INSTRUCTIONS FOR THE TASK –
Print nothing but the lines below starting at the line that holds "Toyota IST 2003 Silver" and ending at the line that holds "Toyota YARIS CROSS 2021-01 7621657-8", including both, each exactly as written.

[Stored dataset items]
================================
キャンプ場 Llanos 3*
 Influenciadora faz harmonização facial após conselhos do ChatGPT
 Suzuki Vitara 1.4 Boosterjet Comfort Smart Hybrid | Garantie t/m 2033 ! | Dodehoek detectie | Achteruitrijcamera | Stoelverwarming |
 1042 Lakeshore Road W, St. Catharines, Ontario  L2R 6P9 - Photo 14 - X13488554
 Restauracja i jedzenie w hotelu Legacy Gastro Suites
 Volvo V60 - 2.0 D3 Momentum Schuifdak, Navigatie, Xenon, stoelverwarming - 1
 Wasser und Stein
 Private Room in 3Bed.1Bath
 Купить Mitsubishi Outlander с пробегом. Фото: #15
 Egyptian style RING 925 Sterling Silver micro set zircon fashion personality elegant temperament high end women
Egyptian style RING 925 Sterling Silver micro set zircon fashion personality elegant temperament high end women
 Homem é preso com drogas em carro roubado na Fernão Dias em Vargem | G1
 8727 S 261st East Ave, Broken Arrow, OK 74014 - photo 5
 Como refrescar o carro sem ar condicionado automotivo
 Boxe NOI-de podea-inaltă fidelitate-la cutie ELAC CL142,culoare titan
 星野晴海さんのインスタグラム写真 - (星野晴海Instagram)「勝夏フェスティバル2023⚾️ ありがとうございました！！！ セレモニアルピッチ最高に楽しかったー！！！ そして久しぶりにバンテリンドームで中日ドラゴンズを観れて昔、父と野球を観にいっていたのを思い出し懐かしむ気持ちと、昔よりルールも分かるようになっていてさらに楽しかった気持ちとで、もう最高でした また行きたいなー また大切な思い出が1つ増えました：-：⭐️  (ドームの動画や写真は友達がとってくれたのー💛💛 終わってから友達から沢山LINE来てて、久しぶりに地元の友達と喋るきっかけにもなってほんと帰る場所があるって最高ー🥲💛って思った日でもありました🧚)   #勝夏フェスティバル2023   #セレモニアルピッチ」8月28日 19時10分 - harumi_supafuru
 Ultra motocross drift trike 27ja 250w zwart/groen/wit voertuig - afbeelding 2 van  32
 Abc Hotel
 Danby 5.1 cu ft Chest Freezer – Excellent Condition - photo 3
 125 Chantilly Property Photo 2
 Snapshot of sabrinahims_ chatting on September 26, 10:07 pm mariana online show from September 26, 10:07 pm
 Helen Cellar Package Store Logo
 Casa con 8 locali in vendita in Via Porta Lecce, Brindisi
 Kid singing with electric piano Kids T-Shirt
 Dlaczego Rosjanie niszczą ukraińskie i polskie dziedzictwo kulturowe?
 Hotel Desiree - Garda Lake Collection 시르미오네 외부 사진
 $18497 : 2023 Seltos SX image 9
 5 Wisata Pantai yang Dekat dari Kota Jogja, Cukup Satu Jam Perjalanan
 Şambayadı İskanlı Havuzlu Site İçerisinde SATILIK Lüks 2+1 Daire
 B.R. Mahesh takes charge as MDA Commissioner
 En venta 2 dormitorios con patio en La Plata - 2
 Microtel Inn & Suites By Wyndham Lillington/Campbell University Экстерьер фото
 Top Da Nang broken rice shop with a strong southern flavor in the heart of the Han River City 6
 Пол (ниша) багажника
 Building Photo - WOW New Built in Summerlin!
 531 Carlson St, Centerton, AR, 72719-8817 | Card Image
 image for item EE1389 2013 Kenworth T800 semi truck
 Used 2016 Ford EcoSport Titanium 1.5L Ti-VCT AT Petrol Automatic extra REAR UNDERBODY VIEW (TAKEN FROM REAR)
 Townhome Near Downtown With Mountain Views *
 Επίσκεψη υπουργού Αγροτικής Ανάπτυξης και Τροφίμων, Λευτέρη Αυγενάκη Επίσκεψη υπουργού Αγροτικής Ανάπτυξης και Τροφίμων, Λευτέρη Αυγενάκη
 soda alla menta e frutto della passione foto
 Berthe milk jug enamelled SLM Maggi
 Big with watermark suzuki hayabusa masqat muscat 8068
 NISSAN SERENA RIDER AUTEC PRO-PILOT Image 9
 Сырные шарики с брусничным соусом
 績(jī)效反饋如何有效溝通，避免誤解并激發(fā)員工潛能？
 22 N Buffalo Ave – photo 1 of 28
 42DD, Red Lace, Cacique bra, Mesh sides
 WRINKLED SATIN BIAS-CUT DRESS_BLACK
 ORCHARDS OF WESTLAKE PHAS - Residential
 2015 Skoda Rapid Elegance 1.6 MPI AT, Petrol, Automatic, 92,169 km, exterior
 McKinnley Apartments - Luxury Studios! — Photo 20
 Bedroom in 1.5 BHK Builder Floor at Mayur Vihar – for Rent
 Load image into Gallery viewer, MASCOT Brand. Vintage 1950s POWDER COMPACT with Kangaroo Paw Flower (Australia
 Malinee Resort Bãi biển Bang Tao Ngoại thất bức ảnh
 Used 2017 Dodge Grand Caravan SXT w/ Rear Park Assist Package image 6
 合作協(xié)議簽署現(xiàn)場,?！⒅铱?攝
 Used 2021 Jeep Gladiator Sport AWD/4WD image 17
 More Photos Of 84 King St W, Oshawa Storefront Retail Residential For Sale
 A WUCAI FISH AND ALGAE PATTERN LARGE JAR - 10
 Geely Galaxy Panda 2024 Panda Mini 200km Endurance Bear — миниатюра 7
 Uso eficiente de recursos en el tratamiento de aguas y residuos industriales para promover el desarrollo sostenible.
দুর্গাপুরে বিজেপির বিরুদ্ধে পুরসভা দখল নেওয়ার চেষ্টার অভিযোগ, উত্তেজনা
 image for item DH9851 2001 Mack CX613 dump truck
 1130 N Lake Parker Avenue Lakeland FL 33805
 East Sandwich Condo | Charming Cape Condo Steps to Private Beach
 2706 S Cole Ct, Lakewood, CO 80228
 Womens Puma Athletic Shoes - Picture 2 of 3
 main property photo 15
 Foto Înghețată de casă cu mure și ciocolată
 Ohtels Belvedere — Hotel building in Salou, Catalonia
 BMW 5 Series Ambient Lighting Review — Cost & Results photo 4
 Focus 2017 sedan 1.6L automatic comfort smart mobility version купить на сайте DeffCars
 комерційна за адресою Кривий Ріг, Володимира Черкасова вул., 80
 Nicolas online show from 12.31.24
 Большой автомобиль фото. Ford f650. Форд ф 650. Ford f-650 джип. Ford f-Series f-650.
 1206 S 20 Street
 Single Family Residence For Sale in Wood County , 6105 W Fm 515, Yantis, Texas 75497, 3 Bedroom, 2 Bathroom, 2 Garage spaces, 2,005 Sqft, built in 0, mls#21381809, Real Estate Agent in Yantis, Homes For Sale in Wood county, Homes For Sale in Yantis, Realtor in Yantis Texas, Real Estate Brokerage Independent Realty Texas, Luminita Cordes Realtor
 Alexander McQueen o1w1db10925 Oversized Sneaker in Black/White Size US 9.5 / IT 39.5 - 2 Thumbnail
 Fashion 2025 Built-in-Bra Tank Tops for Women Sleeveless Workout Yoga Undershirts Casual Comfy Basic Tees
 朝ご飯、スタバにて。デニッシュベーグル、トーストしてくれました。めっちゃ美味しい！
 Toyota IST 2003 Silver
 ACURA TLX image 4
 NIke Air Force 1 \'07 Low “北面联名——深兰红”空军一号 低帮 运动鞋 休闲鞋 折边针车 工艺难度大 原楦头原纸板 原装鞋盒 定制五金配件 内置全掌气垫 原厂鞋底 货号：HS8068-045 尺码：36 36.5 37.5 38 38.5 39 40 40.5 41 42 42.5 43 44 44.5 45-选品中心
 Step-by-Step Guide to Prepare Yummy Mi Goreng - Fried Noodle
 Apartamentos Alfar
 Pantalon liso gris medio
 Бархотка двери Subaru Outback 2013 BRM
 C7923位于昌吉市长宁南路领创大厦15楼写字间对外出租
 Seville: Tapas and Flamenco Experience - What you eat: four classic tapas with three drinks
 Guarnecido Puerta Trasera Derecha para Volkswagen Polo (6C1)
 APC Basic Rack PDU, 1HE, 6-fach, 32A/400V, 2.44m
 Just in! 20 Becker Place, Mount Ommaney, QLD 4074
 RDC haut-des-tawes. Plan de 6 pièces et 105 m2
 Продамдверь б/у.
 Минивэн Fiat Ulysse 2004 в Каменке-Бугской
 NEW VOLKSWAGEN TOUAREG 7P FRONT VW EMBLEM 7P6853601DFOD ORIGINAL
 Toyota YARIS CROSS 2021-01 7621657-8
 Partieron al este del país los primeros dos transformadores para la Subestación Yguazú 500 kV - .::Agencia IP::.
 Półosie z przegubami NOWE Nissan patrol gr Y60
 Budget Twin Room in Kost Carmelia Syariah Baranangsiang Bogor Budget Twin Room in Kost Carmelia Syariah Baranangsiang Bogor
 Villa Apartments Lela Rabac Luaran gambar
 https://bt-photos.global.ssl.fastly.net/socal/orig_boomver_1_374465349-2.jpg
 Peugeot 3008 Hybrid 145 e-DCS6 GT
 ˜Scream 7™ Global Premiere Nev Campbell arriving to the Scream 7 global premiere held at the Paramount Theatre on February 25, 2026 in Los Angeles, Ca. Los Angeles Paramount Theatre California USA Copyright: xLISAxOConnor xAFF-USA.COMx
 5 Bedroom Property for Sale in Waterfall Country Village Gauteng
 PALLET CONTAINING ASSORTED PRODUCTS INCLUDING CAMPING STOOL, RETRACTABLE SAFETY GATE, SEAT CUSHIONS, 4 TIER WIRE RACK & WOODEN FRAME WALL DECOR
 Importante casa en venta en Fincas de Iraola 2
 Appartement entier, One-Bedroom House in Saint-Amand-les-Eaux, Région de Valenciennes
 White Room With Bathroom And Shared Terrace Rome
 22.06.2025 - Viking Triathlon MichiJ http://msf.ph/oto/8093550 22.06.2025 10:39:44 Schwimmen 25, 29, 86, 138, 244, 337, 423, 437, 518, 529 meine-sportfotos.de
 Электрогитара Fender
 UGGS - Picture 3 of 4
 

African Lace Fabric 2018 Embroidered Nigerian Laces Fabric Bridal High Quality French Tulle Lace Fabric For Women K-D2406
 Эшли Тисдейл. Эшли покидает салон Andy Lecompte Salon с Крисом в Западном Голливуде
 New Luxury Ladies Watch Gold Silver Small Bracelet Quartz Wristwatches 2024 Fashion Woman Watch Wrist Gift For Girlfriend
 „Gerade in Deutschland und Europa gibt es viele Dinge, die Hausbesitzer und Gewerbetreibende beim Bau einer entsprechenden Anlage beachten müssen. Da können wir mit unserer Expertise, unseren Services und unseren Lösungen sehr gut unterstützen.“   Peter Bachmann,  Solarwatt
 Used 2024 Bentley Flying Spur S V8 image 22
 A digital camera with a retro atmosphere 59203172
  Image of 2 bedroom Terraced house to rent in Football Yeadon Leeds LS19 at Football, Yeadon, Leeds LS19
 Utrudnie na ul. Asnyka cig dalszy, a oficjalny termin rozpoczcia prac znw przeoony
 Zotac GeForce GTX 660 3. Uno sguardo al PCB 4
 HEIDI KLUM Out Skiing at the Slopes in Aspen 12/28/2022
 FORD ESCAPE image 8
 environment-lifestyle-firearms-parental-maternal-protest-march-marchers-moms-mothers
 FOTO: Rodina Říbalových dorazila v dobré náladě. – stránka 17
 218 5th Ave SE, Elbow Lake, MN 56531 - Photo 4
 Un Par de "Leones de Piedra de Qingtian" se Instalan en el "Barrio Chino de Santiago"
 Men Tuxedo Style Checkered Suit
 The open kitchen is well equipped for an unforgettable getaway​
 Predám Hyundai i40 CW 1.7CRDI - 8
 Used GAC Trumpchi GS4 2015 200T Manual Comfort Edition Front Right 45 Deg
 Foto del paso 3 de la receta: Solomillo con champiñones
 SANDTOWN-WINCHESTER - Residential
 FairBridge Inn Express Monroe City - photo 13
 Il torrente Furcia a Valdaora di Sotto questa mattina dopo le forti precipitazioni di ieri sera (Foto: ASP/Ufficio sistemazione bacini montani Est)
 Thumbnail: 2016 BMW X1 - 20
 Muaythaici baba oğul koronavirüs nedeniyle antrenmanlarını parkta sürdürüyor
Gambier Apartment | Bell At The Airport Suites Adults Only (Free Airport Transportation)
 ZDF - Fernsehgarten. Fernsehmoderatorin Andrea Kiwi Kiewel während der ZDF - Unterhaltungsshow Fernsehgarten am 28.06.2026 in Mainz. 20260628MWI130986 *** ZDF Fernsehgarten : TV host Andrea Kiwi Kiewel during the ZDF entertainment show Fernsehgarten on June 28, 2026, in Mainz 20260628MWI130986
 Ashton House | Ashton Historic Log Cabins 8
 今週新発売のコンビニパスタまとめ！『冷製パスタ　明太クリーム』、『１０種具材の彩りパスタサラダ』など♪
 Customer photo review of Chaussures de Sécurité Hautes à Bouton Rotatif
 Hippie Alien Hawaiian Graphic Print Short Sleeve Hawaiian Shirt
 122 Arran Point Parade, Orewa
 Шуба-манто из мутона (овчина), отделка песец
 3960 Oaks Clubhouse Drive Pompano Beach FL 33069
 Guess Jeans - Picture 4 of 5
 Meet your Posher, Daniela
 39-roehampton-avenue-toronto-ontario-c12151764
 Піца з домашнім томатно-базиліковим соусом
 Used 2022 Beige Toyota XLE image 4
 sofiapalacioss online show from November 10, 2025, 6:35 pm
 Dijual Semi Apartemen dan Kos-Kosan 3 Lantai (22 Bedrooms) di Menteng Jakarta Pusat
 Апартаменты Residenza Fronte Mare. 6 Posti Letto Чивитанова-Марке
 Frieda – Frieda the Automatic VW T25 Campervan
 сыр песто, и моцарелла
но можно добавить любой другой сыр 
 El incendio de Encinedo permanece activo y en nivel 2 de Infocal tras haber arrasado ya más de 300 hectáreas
================================
ANSWER SPACE –
 Toyota IST 2003 Silver
 ACURA TLX image 4
 NIke Air Force 1 \'07 Low “北面联名——深兰红”空军一号 低帮 运动鞋 休闲鞋 折边针车 工艺难度大 原楦头原纸板 原装鞋盒 定制五金配件 内置全掌气垫 原厂鞋底 货号：HS8068-045 尺码：36 36.5 37.5 38 38.5 39 40 40.5 41 42 42.5 43 44 44.5 45-选品中心
 Step-by-Step Guide to Prepare Yummy Mi Goreng - Fried Noodle
 Apartamentos Alfar
 Pantalon liso gris medio
 Бархотка двери Subaru Outback 2013 BRM
 C7923位于昌吉市长宁南路领创大厦15楼写字间对外出租
 Seville: Tapas and Flamenco Experience - What you eat: four classic tapas with three drinks
 Guarnecido Puerta Trasera Derecha para Volkswagen Polo (6C1)
 APC Basic Rack PDU, 1HE, 6-fach, 32A/400V, 2.44m
 Just in! 20 Becker Place, Mount Ommaney, QLD 4074
 RDC haut-des-tawes. Plan de 6 pièces et 105 m2
 Продамдверь б/у.
 Минивэн Fiat Ulysse 2004 в Каменке-Бугской
 NEW VOLKSWAGEN TOUAREG 7P FRONT VW EMBLEM 7P6853601DFOD ORIGINAL
 Toyota YARIS CROSS 2021-01 7621657-8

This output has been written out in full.